Let's talk about the Apostle Paul. I think we have caught the Book of Acts in a lie. In one place it says that Paul was the "son of a pharicee" and yet elsewhere it says St Paul was a natural born Roman citizen, and he even bragged about it. This would mean that Paul's father was Roman. And it's unlikely that a Roman would be a member of any strict Jewish organization. I believe that St Paul's ministry was "back dated". "I look bloody young but I'm just back-dated". Let's add about sixty years or perhaps a bit more to the years both of the start of Paul's conversion in AD 41 and the conclusion of his ministry to the churches in AD 58. Here is a different kind of "Me, too" movement. Apalonius of Tyannus died just after the turn of the second century and he had a whole school of worshippers in the early second century. This "school of Tyannus " is even referred to in the book of acts. So there was kind of a "savior fever" that took place in Asia Minor or western Turkey and the east coast of Greece in the early second century. St Paul sought to cash in on it, in my oppinion. Christianity as we know it today hence got its start not in 37 AD when Stephan was martyered but rather in the early second century.
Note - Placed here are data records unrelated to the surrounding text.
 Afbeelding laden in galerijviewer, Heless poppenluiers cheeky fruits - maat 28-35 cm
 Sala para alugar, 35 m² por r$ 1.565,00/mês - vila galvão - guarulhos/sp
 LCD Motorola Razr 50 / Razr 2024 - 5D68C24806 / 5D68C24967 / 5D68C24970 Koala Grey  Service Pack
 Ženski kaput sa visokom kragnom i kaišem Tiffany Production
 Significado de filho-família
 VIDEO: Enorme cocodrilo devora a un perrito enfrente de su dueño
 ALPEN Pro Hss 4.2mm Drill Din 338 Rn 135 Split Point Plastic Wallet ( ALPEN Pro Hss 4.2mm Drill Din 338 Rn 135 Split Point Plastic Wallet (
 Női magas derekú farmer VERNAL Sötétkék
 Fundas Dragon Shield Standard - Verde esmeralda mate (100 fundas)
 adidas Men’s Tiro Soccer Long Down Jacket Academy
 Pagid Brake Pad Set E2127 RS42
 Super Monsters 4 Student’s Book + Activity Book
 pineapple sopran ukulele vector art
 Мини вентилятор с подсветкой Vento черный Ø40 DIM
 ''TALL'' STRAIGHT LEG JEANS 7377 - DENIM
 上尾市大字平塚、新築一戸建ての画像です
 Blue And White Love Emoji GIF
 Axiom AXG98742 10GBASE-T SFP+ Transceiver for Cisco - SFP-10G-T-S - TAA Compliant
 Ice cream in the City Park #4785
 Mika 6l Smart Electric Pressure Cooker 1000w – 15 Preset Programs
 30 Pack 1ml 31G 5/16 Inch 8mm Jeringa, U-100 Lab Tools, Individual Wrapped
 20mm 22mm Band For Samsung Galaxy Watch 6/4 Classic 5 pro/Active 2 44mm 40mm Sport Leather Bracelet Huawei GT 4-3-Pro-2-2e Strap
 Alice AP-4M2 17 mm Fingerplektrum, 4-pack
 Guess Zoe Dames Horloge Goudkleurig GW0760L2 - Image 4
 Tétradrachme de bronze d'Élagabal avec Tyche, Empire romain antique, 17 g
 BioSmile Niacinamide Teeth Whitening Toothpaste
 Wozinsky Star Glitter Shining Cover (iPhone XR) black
But I don't want to destroy people's belief in the Catholic Church. I don't want to be like Howard Beale in "Network" who was "Meddling with the cosmic forces". He got himself killed for the effort. Maybe we NEED the Church as kind of a moral guidepost and since it's already here, we should look to it rather than our President for moral guidance. Pope Francis is a good guy and I agree with him on a majority of moral issues.